An Integrated Genomic Strategy to Identify CHRNB4 as a Diagnostic/Prognostic Biomarker for Targeted Therapy in Head and Neck Cancer

被引:4
作者
Chuang, Yi-Hsuan [1 ]
Lee, Chia-Hwa [2 ,3 ,4 ]
Lin, Chun-Yu [1 ,5 ,6 ]
Liu, Chia-Lin [7 ]
Huang, Sing-Han [1 ]
Lee, Jung-Yu [1 ]
Chiu, Yi-Yuan [1 ]
Lee, Jih-Chin [1 ,8 ]
Yang, Jinn-Moon [1 ,5 ,6 ,9 ,10 ]
机构
[1] Natl Chiao Tung Univ, Inst Bioinformat & Syst Biol, Hsinchu 300, Taiwan
[2] Taipei Med Univ, Sch Med Lab Sci & Biotechnol, Coll Med Sci & Technol, Taipei 110, Taiwan
[3] Taipei Med Univ, TMU Res Ctr Canc Translat Med, Taipei 110, Taiwan
[4] Taipei Med Univ, Coll Med Sci & Technol, PhD Program Med Biotechnol, Taipei 110, Taiwan
[5] Natl Chiao Tung Univ, Dept Biol Sci & Technol, Coll Biol Sci & Technol, Hsinchu 300, Taiwan
[6] Natl Chiao Tung Univ, Ctr Intelligent Drug Syst & Smart Biodevices, Hsinchu 300, Taiwan
[7] Natl Def Med Ctr, Grad Inst Life Sci, Taipei 110, Taiwan
[8] Triserv Gen Hosp, Natl Def Med Ctr, Dept Otolaryngol Head & Neck Surg, Taipei 110, Taiwan
[9] Kaohsiung Med Univ, Fac Internal Med, Coll Med, Kaohsiung 807, Taiwan
[10] Kaohsiung Med Univ, Kaohsiung Med Univ Hosp, Dept Internal Med, Hepatobiliary Div, Kaohsiung 807, Taiwan
关键词
head and neck squamous cell carcinoma (HNSCC); smoking; nicotine; prognostic biomarker; drug repurposing; NICOTINIC ACETYLCHOLINE-RECEPTOR; SQUAMOUS-CELL CARCINOMA; OROPHARYNGEAL CANCER; SMOKING-CESSATION; DNA-ADDUCTS; COPY-NUMBER; EXPRESSION; SURVIVAL; GROWTH; HPV;
D O I
10.3390/cancers12051324
中图分类号
R73 [肿瘤学];
学科分类号
100214 ;
摘要
Although many studies have shown the association between smoking and the increased incidence and adverse prognosis of head and neck squamous cell carcinoma (HNSCC), the mechanisms and pharmaceutical targets involved remain unclear.

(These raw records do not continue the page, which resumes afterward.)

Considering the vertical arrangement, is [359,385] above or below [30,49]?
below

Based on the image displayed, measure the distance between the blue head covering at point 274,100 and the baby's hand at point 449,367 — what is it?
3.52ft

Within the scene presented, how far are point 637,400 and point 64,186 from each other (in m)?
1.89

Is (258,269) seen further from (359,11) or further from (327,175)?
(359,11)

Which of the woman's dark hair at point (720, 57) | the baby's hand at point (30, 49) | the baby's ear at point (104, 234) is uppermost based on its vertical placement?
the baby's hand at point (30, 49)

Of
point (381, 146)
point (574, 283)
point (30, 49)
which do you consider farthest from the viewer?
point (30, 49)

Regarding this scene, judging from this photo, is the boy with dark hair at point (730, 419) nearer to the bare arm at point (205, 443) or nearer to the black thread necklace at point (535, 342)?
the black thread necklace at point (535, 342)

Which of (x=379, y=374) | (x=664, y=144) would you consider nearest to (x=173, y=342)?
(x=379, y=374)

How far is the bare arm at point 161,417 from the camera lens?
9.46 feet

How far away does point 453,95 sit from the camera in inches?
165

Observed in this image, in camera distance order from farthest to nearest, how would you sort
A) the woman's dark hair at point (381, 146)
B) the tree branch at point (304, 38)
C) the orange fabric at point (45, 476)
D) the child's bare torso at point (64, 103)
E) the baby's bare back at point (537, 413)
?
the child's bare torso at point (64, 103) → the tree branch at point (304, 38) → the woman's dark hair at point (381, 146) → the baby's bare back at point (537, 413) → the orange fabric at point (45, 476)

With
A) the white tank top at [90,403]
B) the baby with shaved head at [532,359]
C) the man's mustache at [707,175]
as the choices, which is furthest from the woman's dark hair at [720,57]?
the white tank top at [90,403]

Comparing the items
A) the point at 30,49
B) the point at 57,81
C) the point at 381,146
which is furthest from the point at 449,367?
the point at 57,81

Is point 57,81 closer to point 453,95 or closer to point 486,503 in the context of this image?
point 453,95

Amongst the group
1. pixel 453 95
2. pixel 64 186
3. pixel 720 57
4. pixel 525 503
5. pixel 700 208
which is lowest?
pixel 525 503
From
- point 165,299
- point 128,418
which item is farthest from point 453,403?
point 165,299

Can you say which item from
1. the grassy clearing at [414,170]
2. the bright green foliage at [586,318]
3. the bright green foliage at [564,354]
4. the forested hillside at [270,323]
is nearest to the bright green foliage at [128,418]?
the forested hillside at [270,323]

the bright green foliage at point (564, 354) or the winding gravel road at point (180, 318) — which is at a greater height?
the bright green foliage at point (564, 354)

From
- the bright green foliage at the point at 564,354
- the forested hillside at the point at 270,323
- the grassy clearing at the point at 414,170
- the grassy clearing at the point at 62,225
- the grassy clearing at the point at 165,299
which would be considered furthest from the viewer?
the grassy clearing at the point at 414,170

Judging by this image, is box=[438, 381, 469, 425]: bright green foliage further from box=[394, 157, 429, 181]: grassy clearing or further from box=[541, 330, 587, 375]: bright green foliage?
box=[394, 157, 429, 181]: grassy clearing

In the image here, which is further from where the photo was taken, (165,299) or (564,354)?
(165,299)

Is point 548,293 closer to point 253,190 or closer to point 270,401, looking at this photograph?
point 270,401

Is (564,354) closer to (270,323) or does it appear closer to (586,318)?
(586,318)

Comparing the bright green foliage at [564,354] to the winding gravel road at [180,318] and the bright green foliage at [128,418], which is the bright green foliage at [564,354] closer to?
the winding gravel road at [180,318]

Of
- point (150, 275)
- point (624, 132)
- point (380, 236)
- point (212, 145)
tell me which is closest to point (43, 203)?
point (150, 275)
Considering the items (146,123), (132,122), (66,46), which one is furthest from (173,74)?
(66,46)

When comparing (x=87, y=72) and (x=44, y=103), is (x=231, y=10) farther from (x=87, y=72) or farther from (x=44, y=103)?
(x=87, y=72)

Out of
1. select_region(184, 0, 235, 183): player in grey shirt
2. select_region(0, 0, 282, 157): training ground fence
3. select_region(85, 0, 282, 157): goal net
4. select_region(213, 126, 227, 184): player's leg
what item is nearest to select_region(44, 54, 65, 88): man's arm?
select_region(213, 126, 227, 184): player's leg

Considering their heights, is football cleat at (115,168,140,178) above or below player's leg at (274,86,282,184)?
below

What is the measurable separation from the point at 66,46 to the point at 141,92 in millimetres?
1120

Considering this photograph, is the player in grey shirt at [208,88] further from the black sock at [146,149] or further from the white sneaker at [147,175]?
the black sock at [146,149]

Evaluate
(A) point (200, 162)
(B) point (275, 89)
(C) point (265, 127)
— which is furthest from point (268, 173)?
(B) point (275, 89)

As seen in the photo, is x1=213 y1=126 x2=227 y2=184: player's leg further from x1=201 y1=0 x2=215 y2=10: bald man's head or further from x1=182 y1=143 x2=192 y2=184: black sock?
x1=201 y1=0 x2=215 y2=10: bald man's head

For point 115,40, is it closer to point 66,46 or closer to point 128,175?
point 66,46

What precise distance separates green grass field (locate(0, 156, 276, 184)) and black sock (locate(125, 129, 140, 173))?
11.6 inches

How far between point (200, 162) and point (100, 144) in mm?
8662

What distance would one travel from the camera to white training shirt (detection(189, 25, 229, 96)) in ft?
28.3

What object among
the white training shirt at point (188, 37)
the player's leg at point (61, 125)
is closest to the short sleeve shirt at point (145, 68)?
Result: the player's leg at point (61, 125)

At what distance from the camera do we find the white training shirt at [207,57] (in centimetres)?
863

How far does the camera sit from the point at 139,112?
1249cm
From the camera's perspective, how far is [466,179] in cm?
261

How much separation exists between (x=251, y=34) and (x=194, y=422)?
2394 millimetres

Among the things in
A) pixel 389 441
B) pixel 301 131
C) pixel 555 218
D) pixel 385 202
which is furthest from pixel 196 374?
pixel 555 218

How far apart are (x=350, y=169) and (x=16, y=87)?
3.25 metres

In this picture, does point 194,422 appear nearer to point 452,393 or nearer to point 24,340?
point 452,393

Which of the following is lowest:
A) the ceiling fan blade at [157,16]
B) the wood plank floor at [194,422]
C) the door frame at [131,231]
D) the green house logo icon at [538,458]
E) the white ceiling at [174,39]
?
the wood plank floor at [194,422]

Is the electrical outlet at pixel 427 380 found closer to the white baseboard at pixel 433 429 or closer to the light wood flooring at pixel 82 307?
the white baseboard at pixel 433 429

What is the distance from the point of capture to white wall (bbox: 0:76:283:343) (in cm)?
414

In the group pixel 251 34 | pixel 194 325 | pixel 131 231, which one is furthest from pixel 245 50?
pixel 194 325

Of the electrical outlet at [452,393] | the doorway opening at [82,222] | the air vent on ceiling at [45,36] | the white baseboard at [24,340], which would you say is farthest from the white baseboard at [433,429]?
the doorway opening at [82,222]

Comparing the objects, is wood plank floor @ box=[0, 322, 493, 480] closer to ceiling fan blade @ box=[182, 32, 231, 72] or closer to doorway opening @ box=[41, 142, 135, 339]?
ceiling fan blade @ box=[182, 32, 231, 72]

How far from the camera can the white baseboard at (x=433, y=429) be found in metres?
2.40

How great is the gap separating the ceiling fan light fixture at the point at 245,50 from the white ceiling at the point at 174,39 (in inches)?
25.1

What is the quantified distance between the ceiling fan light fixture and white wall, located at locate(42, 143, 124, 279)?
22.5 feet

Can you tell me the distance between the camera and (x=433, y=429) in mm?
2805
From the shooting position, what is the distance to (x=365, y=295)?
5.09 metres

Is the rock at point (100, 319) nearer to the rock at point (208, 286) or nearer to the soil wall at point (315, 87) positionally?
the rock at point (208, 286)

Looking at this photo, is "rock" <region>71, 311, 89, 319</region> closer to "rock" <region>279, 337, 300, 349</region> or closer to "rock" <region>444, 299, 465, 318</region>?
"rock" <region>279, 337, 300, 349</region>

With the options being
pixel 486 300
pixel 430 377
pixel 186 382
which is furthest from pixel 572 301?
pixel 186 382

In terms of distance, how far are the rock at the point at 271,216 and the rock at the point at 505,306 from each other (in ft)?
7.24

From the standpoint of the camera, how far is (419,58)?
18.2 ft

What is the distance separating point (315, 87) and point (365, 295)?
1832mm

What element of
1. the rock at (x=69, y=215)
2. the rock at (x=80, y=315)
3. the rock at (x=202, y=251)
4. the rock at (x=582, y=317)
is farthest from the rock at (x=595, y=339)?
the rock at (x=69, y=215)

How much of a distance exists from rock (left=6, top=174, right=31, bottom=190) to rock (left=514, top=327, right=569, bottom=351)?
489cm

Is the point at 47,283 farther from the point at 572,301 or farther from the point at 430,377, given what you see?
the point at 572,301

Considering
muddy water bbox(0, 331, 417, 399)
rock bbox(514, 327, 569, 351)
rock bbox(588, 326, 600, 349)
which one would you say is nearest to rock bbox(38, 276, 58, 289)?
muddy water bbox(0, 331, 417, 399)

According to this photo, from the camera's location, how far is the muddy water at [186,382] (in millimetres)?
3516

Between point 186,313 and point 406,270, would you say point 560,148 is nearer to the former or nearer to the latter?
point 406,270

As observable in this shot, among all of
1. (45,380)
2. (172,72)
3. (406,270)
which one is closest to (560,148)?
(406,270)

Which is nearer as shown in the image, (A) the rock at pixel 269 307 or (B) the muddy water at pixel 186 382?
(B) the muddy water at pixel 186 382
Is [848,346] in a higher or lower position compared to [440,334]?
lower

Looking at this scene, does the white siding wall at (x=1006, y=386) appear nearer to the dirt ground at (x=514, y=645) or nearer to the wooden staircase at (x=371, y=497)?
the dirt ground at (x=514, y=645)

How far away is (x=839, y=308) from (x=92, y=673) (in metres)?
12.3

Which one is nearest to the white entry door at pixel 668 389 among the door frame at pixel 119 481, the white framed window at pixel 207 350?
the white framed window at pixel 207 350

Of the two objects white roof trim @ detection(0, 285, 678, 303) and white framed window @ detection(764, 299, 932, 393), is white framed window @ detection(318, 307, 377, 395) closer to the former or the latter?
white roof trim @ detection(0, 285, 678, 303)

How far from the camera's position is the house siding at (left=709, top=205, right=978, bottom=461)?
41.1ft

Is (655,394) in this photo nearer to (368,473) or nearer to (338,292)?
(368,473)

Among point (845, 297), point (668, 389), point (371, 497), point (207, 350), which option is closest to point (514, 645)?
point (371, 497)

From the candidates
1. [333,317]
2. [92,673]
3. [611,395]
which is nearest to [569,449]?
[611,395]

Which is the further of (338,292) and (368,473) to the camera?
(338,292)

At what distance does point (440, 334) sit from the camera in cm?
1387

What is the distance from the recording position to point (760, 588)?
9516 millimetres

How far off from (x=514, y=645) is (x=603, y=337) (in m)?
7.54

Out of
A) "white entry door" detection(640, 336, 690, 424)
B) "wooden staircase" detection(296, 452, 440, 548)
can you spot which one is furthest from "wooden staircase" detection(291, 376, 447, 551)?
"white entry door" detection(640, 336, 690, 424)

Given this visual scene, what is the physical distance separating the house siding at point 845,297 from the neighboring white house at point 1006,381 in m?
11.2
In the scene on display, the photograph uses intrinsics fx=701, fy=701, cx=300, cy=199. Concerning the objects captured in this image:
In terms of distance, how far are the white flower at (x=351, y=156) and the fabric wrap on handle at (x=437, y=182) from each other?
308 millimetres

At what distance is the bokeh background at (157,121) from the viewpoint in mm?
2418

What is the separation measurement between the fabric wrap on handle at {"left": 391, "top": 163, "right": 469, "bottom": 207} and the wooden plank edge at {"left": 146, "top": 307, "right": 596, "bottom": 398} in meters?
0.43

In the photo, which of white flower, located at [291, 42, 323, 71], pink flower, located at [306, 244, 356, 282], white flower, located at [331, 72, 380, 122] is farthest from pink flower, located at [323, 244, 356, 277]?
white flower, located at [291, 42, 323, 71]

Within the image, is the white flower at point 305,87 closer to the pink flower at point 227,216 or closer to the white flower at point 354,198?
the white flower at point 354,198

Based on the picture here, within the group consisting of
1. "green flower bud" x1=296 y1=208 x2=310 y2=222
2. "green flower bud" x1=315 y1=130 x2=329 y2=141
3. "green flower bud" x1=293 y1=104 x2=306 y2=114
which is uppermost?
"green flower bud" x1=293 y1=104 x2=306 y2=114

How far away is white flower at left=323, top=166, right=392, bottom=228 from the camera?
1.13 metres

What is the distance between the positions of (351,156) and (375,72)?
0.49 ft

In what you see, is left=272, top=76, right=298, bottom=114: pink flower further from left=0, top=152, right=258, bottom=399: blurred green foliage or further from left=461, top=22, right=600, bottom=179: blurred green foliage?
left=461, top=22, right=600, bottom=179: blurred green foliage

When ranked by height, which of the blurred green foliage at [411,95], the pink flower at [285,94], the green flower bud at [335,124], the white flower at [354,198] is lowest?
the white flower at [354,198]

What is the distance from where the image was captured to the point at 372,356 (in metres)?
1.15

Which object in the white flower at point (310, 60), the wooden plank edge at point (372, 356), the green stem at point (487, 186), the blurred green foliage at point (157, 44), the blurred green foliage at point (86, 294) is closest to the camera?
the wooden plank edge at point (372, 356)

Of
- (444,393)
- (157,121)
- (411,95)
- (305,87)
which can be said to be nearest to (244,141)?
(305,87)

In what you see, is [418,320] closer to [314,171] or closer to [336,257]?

Here, we integrated gene expression signatures, genetic alterations, and survival analyses to identify prognostic indicators and therapeutic targets for smoking HNSCC patients, and we discovered that the FDA-approved drug varenicline inhibits the target for cancer cell migration/invasion. We first identified 18 smoking-related and prognostic genes for HNSCC by using RNA-Seq and clinical follow-up data. One of these genes, CHRNB4 (neuronal acetylcholine receptor subunit beta-4), increased the risk of death by approximately threefold in CHRNB4-high expression smokers compared to CHRNB4-low expression smokers (log rank, p = 0.00042; hazard ratio, 2.82; 95% CI, 1.55-5.14), former smokers, and non-smokers. Furthermore, we examined the functional enrichment of co-regulated genes of CHRNB4 and its 246 frequently occurring copy number alterations (CNAs). We found that these genes were involved in promoting angiogenesis, resisting cell death, and sustaining proliferation, and contributed to much worse outcomes for CHRNB4-high patients. Finally, we performed CHRNB4 gene editing and drug inhibition assays, and the results validate these observations. In summary, our study suggests that CHRNB4 is a prognostic indicator for smoking HNSCC patients and provides a potential new therapeutic drug to prevent recurrence or distant metastasis.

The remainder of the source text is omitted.